_TASK BRIEF_
Leave out any picture and return the remaining listing below exactly as given.

_MATERIAL PROVIDED_
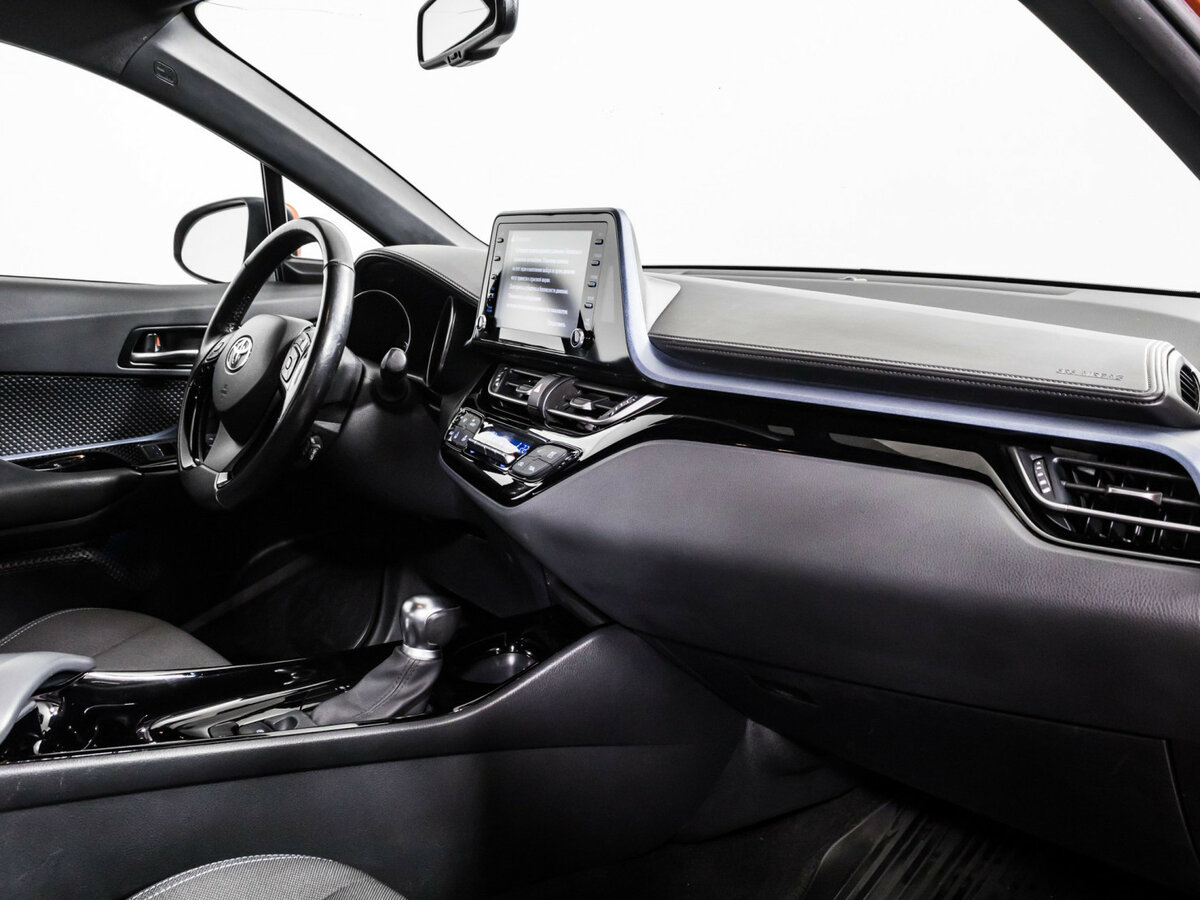 Toyota C-HR I Рестайлинг, 2019 - 149 500 км. | Фото №8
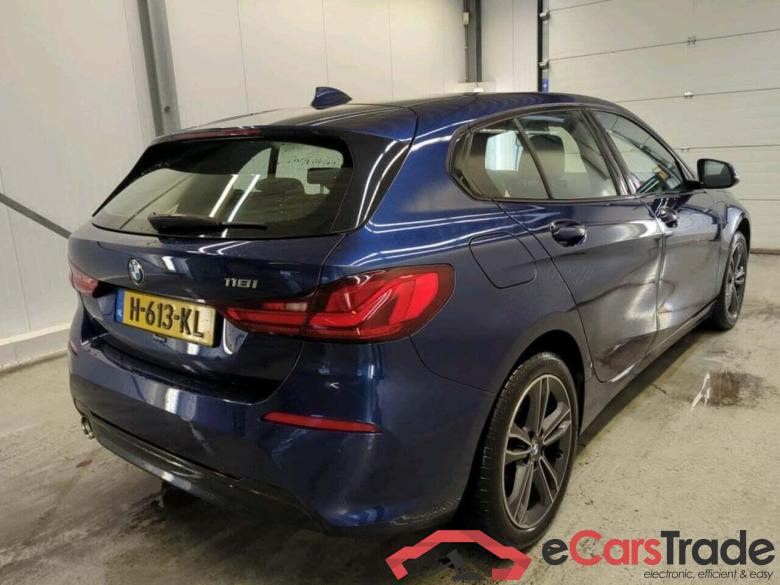 BMW 1-serie 118i Executive Ed. #2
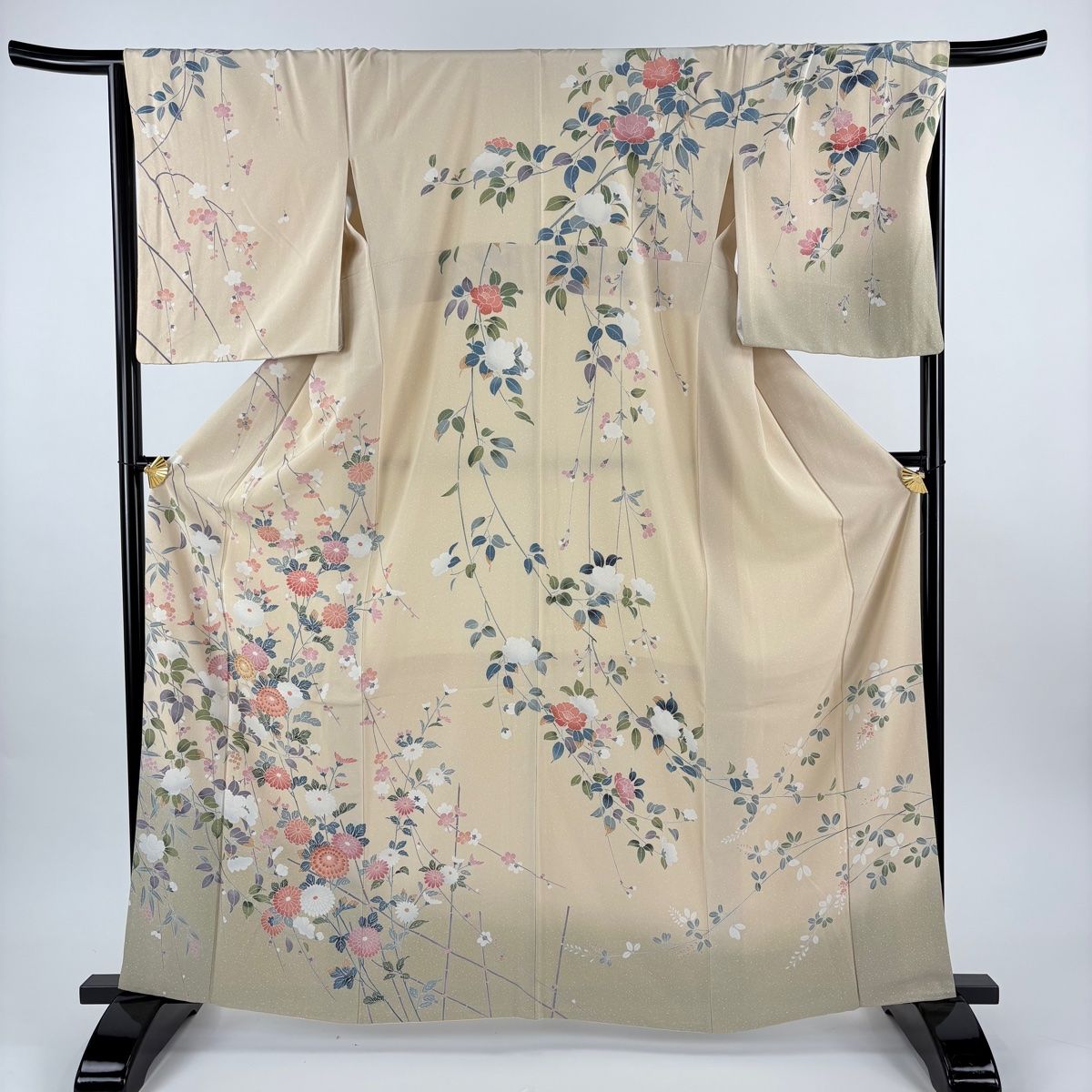 訪問着 身丈164 cm 裄丈67 M 袷 菊 枝梅 ぼかし 染め分け ベージュ 正絹 名品
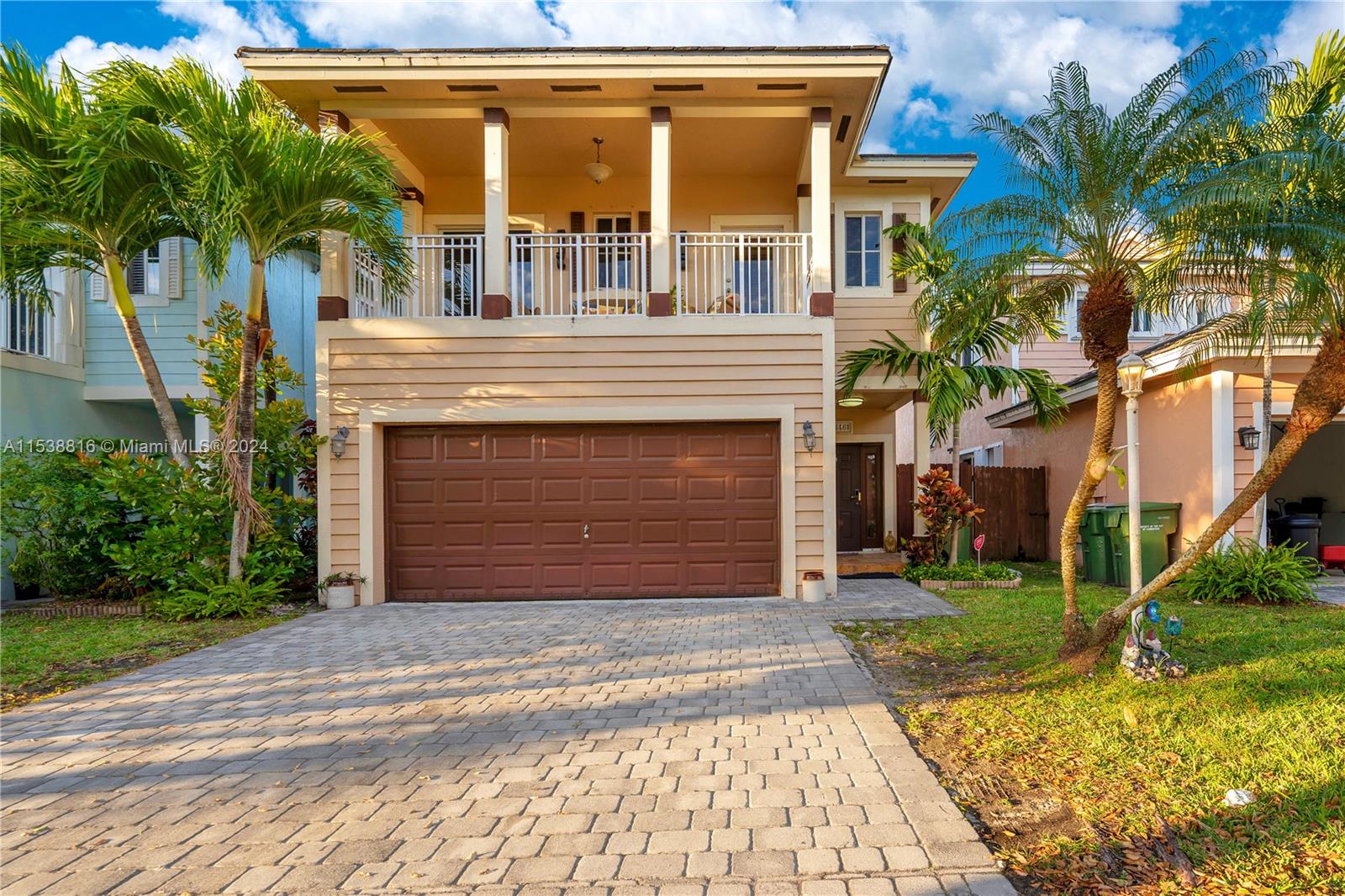 3461 Northeast 4th St  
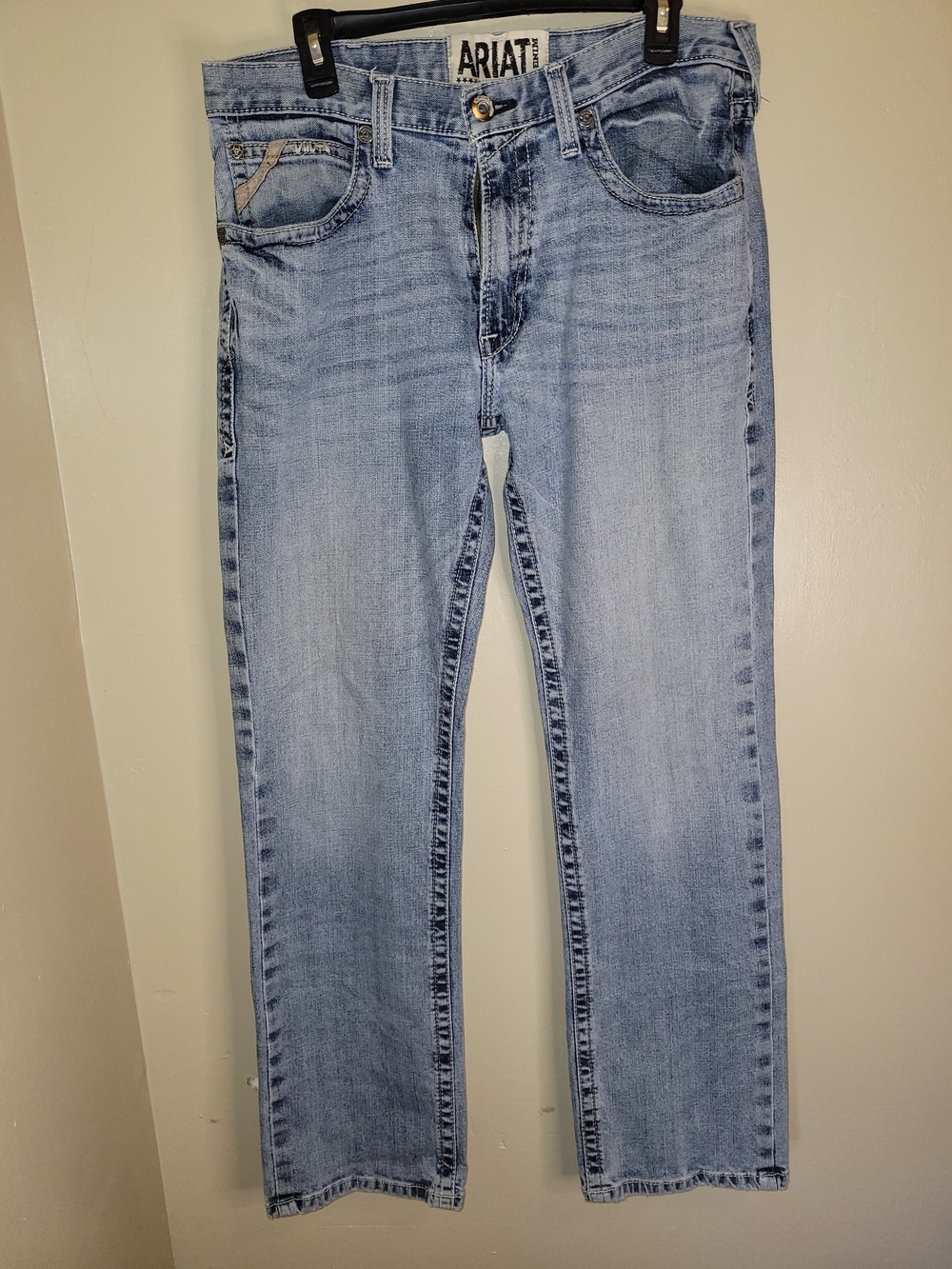 Ariat Men’s Light Blue Straight-Leg Jeans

_SOLUTION_
 Toyota C-HR I Рестайлинг, 2019 - 149 500 км. | Фото №8
 BMW 1-serie 118i Executive Ed. #2
 訪問着 身丈164 cm 裄丈67 M 袷 菊 枝梅 ぼかし 染め分け ベージュ 正絹 名品
 3461 Northeast 4th St  
 Ariat Men’s Light Blue Straight-Leg Jeans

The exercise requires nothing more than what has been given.